ABCOMUNICA
La sala da pranzo dell'hotel Eremito proposto da Giulia Valentina
Giulia Valentina, per chi non la conosce, è una influencer italiana, originaria di Torino, che ha sviluppato una strategia social tutto sommato banale, con tanto di descrizioni dei suoi viaggi e del suo stile di vita, con gli immancabili due cagnolini al seguito, ecc... Il suo profilo Instagram è tuttavia molto seguito perché Giulia insegna i phrasal verbs dell’inglese parlato, commentati nelle sue stories in modo ironico e geniale.
Mi sono imbattuto nel suo profilo perché con una serie innumerevole di piccole stories, Giulia è andata in un hotel molto particolare. Si chiama Eremito e si trova nelle bellissime terre di San Francesco.
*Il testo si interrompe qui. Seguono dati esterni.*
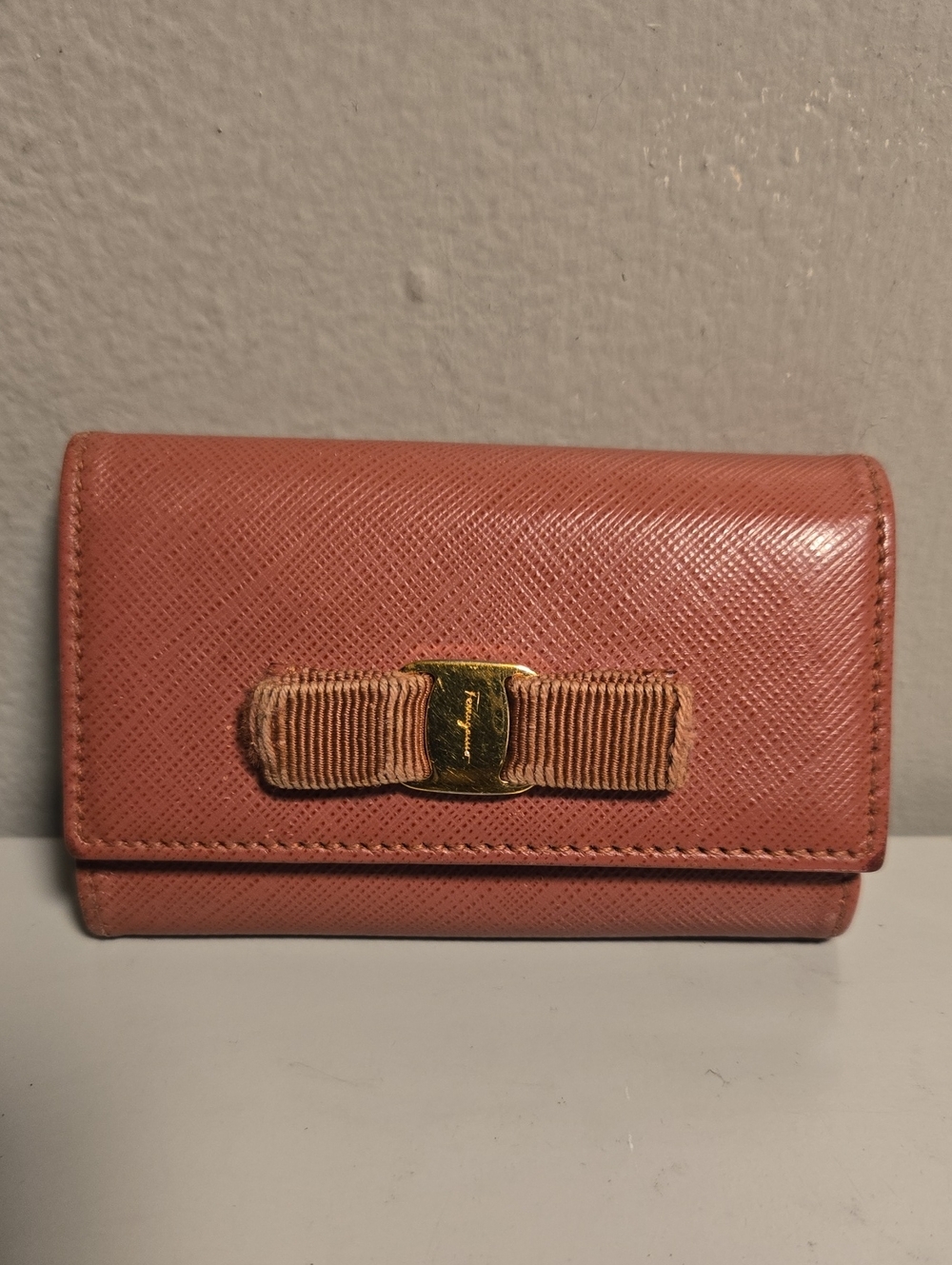 Salvatore Ferragamo Pink Bow-Accent Key/Card Case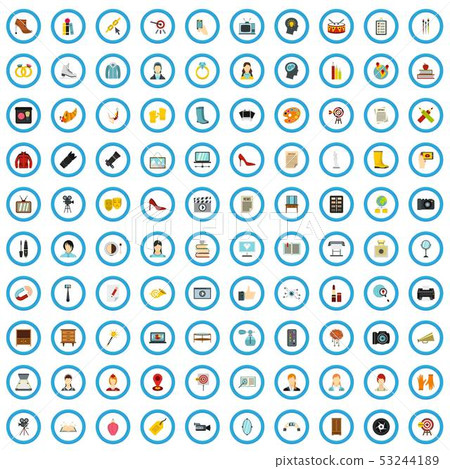 100 cosmetic advertising icons set, flat style 100 cosmetic advertising icons set, flat style 53244189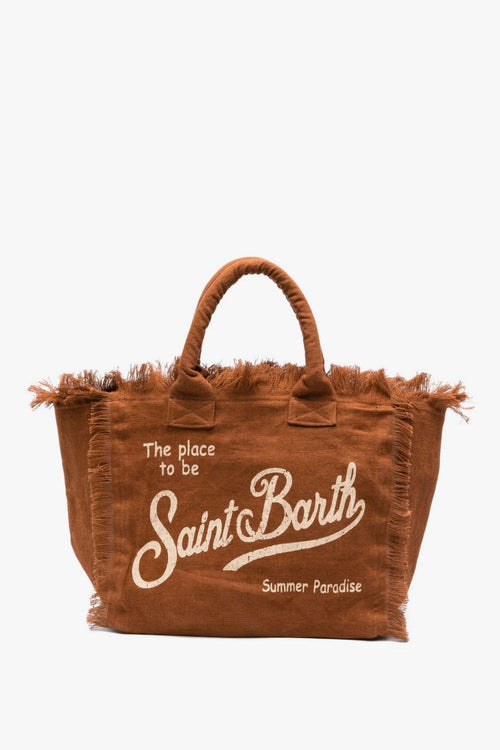 Saint Barth Borsa Vanity Linen Donna Marrone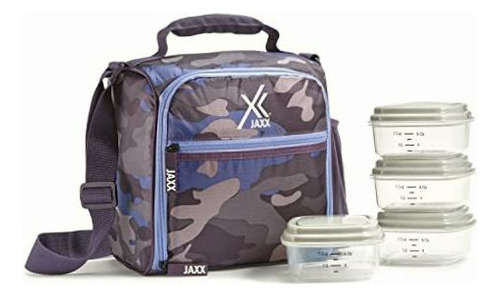 Jaxx, By Fit + Fresh, 5pc Meal Prep Insulated Lunch Bag With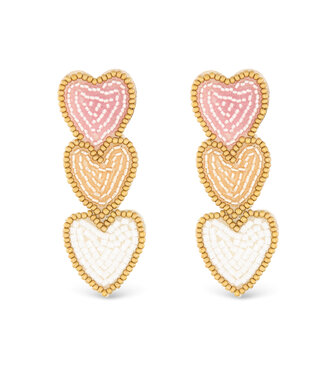 Amanda Blu Beaded Three Hearts Earrings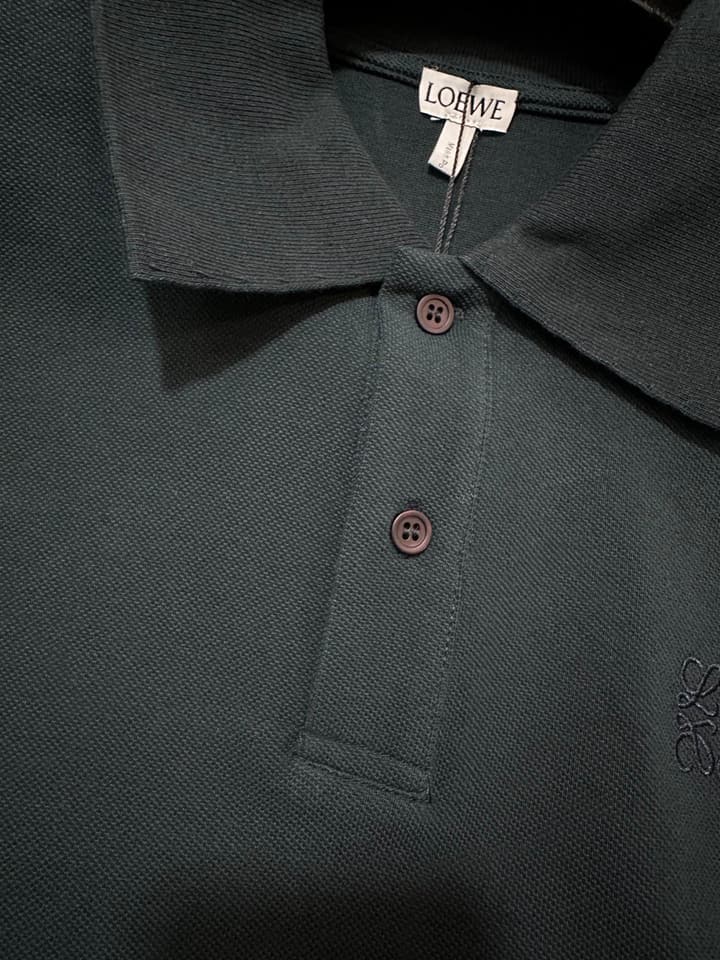 Loewe Embroidered Logo Cotton Polo Shirt – 26SS in Navy Blue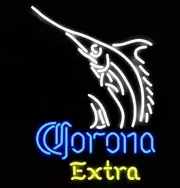 Corona Extra Beer Swordfish 20"x16" Neon Light Sign Lamp Bar Open Real Glass Pub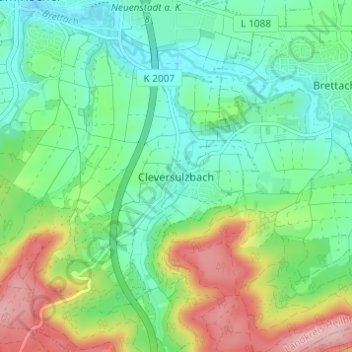 Topografische Karte Cleversulzbach, Höhe, Relief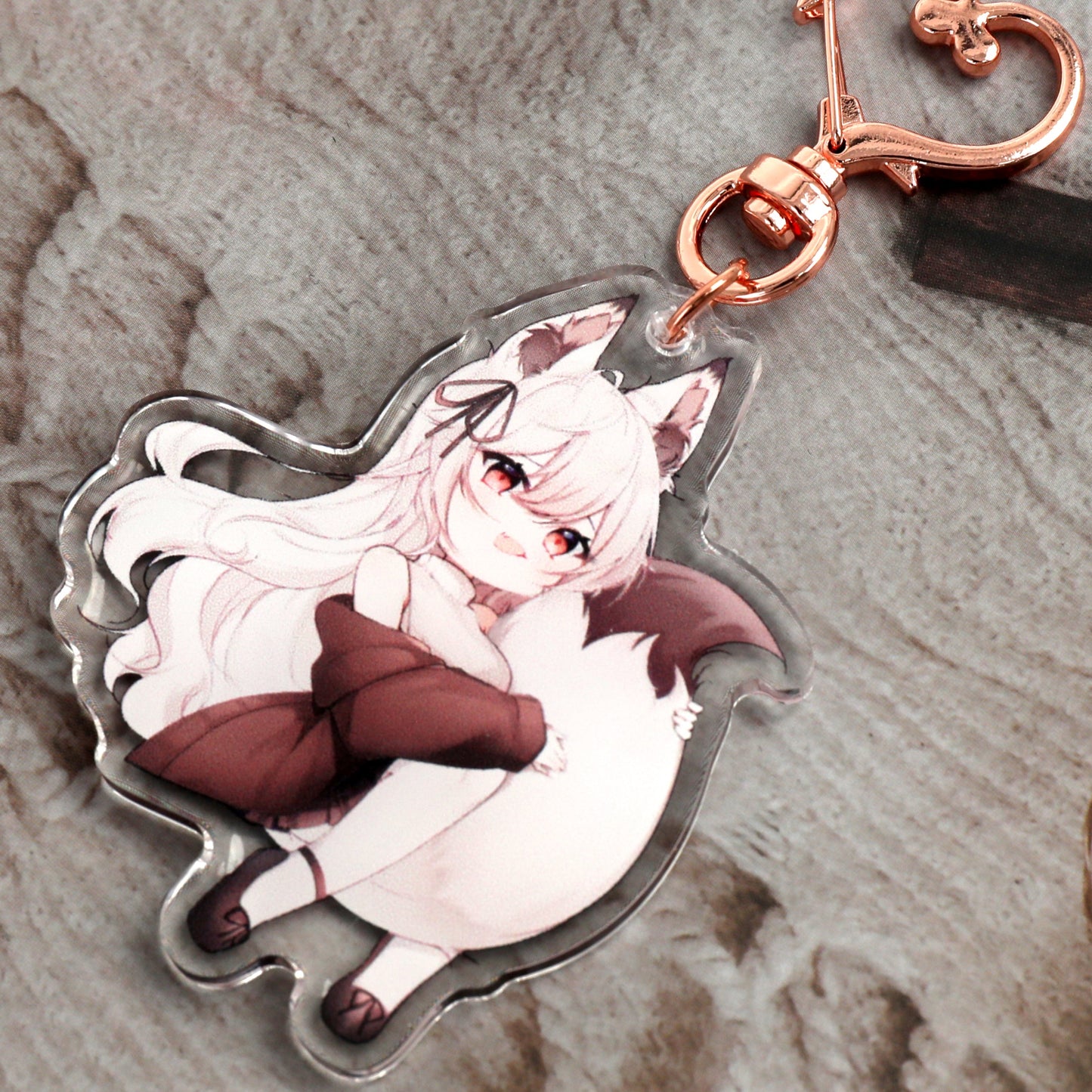 Foxy Double Sided Keychain Charm (Choco/Vanilla)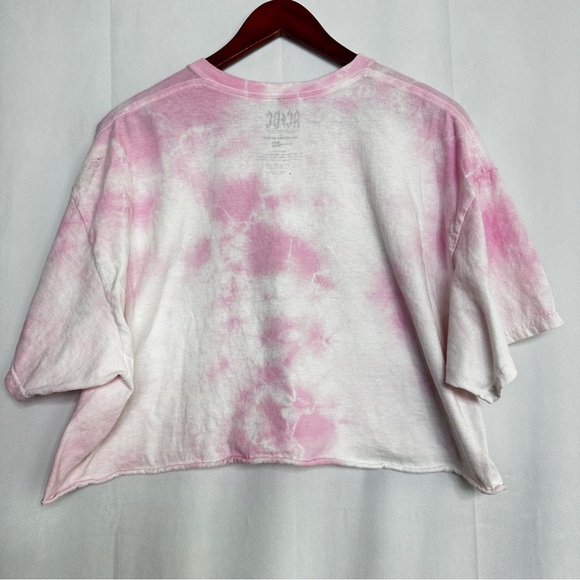 AC/DC Tie Dye Cropped Fly On The Wall Shirt Tour Band Boyfriend Raw Hem Pink - Picture 8 of 10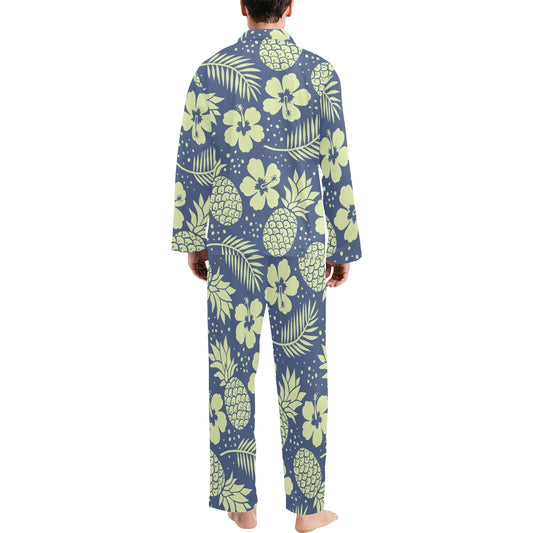 Pineapple Pattern Print Design PP07 Men's Long Pajama Set
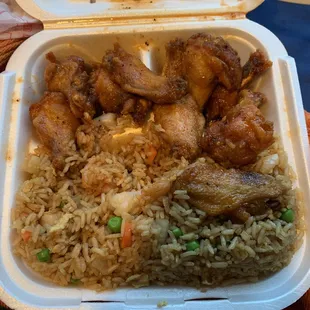 10pc Honey Hot Wings &amp; Shrimp Fried Rice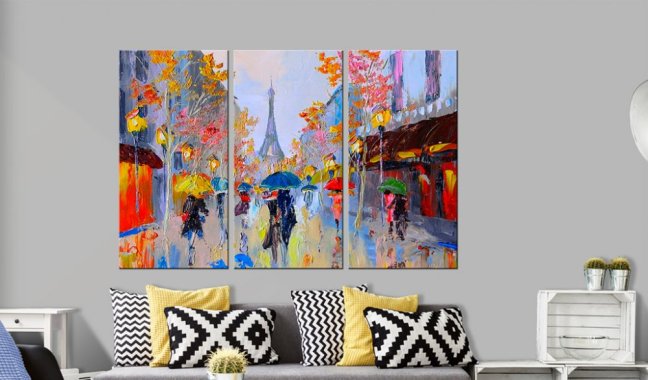 Ručně malovaný obraz - Deštivá Paříž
Come dice il nome, quest’hotel era infatti un monastero, con cellette spoglie, statua di santo all’ingresso e campana sul portone al posto del campanello.
Questo edificio che una volta fu sacro, l’ha acquistato un ricco signore, che lo ha trasformato in un hotel alternativo, lasciando intatta la sua struttura originaria.
L’hotel si propone ai “Solo-Travel”, quindi a chi viaggia senza compagnia. Del resto c’è spazio nelle celle solo per un letto da una piazza e mezzo e anche due fidanzati si troverebbero un po’ strettini.
La cosa interessante per noi è che tutto l’hotel è stato pensato come un’esperienza di digital-detox, ossia come un modo per staccarsi dal dominio dei social.
Lì lo smartphone prende poco, ma ciascuno si deve regolare da sè per lasciarlo spento, se vuole vivere appieno l’esperienza.
Ciò che affascina i visitatori è il clima che si respira: dappertutto si sente in sottofondo il canto gregoriano; ci sono cuscini ovunque e libri, dove ciascuno può ricavarsi lo spazio di silenzio per meditare. Esiste persino una vasca jacuzzi e un bagno turco.
Alla sera si accende il falò e con delle sdraio si socializza con gli altri ospiti sorseggiando tisane alle erbe.
Giulia Valentina ne parla con l’entusiasmo alle stelle: racconta, udite udite, che a cena si sta in silenzio... nessuno parla mentre mangia e questo creerebbe, così dice, un’esperienza fantastica.
Ebbene: chi è mai stato in un monastero vero, sa che queste cose la Chiesa le ha proposte da millenni a qualsiasi visitatore, sia uomo che donna, in tempi dove solo ai ricchi era permesso godere di accoglienze simili.
I monasteri di Occidente e Oriente offrivano il detox a tutti, con accoglienza degna di un principe anche ai visitatori senza soldi. Ogni soldato o contadino, lasciava fuori il suo mondo e si godeva qualche giorno di vera pace. Di detox diremmo oggi.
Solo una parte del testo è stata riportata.